On last night's edition of Hardball, Chris Matthews made up a quote that First Lady Laura Bush did not say. Matthews claims that Bush said "God wants us to rebuild New Orleans", when no such words came out of her mouth. However, Bush did say "she didn't really think she could speak for God" and then added that she "believes Nagin wants New Orleans to be rebuilt".
On a various segments, Matthews claimed that Bush said "God wants us to rebuild New Orleans" and questioned several guests about it. One of those guests, adviser of Former President George H. W. Bush's Strategist Ed Rogers, was called "ignorant" for not knowing this and not commenting on it. Matthews later brought it up when interviewing Mike Allen of Time Magazine, saying that she said the "same thing" as Mayor Ray Nagin did.
Full transcript follows.
MATTHEWS: What did you make of Laura Bush saying, regarding the Mayor Nagin thing of New Orleans, a very famous guy, obviously controversial, because of the way things went down down there.
But Laura Bush saying, “No, Nagin was wrong when he said that God, whatever, is mad at blacks.” He had a couple of comments which I think are a bit off the wall. But then she came in with one that I think topped him. She said, “God wants New Orleans to be rebuilt.” How does she know? Why are people talking for a deity? We can argue whether there is a God, but then to be hearing voices. This is the Joan of Arc stuff.
ROGERS: There do appear to be a lot of people hearing divine calling right now. I haven't read what Mrs. Bush said, but I'll give her the benefit of the doubt.
MATTHEWS: She said God wants us to rebuild New Orleans.
ROGERS: Well, maybe he does.
MATTHEWS: Well, sure. Maybe he hasn't given it any thought, I'm not sure. I just don't know, but I wouldn't presume.
ROGERS: I don't want to pick on Mrs. Bush. I don't know what she said. I give her the benefit of the doubt.
MATTHEWS: Well, I just told you what she said. But you can hide behind ignorance.
ROGERS: Ignorance is bliss.
MATTHEWS: I know. I've heard that before.
Dee Dee, what do you make of this godliness on the part of political figures like Nagin, like Robertson talking about how Sharon got sick because he wanted to cut a deal on land and peace? And now the first lady, who everybody likes—I like her—has jumped into the thing and she's talking for God now.

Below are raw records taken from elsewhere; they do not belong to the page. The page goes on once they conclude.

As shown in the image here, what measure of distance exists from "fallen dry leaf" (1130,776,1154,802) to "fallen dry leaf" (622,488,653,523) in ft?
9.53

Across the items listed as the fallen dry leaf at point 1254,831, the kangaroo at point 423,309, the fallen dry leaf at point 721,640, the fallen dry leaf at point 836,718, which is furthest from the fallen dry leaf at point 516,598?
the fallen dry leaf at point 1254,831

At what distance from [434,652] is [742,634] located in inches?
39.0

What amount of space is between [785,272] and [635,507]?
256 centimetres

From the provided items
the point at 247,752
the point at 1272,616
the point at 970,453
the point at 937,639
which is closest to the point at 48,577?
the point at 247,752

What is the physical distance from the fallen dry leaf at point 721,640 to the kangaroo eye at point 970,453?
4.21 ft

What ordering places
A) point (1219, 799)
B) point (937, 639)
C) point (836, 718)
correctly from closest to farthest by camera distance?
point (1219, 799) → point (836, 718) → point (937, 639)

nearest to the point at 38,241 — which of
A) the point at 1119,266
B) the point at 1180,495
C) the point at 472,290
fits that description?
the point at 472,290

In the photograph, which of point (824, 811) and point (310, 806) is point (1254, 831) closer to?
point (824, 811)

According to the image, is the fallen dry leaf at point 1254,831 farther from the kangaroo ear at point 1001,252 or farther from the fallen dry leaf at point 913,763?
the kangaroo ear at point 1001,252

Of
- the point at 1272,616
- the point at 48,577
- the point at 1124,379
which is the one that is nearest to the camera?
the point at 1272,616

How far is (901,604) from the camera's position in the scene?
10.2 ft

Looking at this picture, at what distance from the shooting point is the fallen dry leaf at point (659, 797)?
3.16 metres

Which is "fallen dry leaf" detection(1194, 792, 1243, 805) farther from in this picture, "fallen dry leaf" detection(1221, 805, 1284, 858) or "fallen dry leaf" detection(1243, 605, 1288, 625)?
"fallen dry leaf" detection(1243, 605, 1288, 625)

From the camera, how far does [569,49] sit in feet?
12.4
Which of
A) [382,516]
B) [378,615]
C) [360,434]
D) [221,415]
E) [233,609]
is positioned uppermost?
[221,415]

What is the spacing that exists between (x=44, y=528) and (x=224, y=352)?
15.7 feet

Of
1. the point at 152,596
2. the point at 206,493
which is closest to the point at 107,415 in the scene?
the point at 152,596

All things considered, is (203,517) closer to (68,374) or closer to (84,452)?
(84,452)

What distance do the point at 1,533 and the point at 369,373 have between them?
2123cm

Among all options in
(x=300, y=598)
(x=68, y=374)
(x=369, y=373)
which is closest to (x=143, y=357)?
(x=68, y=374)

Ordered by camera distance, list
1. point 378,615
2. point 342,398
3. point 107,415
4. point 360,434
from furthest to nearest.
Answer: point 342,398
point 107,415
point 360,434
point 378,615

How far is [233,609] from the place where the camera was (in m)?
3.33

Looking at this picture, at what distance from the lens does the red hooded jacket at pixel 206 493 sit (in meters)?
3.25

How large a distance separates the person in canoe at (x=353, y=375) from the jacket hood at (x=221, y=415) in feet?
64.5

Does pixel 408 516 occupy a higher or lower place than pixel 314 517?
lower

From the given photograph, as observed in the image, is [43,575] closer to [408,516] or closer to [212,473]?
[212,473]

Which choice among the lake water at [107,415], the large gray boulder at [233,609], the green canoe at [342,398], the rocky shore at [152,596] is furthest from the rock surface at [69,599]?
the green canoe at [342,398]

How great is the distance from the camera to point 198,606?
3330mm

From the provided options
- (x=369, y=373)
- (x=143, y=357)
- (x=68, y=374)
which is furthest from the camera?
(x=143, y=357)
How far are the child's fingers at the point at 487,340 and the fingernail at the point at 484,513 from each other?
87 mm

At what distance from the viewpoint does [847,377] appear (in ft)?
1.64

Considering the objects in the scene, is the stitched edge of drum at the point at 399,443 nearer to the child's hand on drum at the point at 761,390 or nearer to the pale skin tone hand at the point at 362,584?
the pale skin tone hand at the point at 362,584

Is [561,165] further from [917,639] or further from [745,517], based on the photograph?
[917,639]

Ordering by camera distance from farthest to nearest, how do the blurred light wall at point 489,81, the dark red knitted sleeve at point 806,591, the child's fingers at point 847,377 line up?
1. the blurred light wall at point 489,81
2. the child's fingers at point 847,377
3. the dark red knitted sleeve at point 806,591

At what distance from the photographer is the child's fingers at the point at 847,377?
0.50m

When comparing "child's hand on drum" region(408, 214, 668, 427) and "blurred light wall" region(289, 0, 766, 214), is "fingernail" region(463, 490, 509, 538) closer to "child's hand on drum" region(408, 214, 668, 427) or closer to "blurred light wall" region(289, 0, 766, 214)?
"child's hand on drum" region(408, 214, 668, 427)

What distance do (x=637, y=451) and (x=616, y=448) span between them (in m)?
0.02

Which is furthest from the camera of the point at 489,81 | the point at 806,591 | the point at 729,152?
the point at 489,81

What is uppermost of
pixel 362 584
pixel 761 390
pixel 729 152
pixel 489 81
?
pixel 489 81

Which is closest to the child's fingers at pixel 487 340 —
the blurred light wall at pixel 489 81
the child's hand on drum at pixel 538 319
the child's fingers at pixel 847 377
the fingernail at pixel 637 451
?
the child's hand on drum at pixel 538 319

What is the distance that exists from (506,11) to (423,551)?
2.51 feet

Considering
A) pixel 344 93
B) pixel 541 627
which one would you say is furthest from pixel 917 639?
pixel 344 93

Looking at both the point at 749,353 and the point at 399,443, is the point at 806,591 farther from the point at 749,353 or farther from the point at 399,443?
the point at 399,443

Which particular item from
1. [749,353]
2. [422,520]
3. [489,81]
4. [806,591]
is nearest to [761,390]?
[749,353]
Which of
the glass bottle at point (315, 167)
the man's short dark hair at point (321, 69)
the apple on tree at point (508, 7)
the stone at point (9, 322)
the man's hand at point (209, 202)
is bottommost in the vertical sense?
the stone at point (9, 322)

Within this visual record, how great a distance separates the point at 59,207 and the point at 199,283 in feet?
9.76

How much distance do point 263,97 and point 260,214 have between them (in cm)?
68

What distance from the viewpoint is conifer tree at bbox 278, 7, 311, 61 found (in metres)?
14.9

MYERS: I certainly don't look to political leaders of either party to interpret God's intentions for me. And I hope most Americans—and I don't think most Americans do either.
MATTHEWS: I'd like to know where they were last night, let alone tell me where God is. Just give me the basic information—how did they vote and how much they collected. And, by the way, who at the White House has been entertaining Jack Abramoff? Is that a fair question?
MATTHEWS: Well, mixed bag. Probably most politicians are mixed bags. Most reporters are mixed bags. Most people are. That's fairly safe, isn't it?
He's saying he wants to bring back a chocolate city—a clear ethnic reference, a racial reference if you will, although race means we're all of the same race.
ALLEN: Well, he presumed to speak for God which, I think, is a mistake for any of us.
MATTHEWS: Well, what about Laura Bush doing the same thing today, saying God wants to rebuild New Orleans.
MATTHEWS: Or is that just general lunch-time Christianity, just the kind of thing you say—we know God wants us to rebuild our city, we know God roots for our downtown booster club, we know God—that sort of generalized sort of Kiwanis-type (ph) of religion, you know?
ALLEN: I think a good rule for living—in fact, I just saw this on a billboard the other day—it said “If you want to know what God's thinking, stop talking.”
And maybe that's a good rule for all of us.